§ Exercise input:

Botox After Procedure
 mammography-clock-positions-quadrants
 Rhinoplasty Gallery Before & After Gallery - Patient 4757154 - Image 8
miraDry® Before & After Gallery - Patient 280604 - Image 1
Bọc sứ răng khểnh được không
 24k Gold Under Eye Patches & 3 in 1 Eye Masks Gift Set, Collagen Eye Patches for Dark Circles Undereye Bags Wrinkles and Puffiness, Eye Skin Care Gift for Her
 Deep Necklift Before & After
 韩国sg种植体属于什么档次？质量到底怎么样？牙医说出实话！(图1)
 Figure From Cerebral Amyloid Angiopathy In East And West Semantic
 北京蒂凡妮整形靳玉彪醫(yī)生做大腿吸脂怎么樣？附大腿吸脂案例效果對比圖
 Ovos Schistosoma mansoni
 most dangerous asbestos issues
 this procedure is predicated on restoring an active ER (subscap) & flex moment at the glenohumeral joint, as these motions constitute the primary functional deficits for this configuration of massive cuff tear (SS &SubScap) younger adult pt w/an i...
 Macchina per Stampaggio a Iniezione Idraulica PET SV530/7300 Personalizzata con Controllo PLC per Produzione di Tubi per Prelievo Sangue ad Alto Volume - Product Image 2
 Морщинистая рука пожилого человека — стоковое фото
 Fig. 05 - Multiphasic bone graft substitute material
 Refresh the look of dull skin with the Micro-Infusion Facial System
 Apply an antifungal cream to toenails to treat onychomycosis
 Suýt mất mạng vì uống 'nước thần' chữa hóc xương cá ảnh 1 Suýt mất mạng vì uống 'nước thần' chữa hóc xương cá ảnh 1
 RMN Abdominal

§ Assignment: Your answer should hold the line with "mammography-clock-positions-quadrants" and each line after it to the end of the data, retyped exactly. Include no other lines.

§ Solution:
 mammography-clock-positions-quadrants
 Rhinoplasty Gallery Before & After Gallery - Patient 4757154 - Image 8
miraDry® Before & After Gallery - Patient 280604 - Image 1
Bọc sứ răng khểnh được không
 24k Gold Under Eye Patches & 3 in 1 Eye Masks Gift Set, Collagen Eye Patches for Dark Circles Undereye Bags Wrinkles and Puffiness, Eye Skin Care Gift for Her
 Deep Necklift Before & After
 韩国sg种植体属于什么档次？质量到底怎么样？牙医说出实话！(图1)
 Figure From Cerebral Amyloid Angiopathy In East And West Semantic
 北京蒂凡妮整形靳玉彪醫(yī)生做大腿吸脂怎么樣？附大腿吸脂案例效果對比圖
 Ovos Schistosoma mansoni
 most dangerous asbestos issues
 this procedure is predicated on restoring an active ER (subscap) & flex moment at the glenohumeral joint, as these motions constitute the primary functional deficits for this configuration of massive cuff tear (SS &SubScap) younger adult pt w/an i...
 Macchina per Stampaggio a Iniezione Idraulica PET SV530/7300 Personalizzata con Controllo PLC per Produzione di Tubi per Prelievo Sangue ad Alto Volume - Product Image 2
 Морщинистая рука пожилого человека — стоковое фото
 Fig. 05 - Multiphasic bone graft substitute material
 Refresh the look of dull skin with the Micro-Infusion Facial System
 Apply an antifungal cream to toenails to treat onychomycosis
 Suýt mất mạng vì uống 'nước thần' chữa hóc xương cá ảnh 1 Suýt mất mạng vì uống 'nước thần' chữa hóc xương cá ảnh 1
 RMN Abdominal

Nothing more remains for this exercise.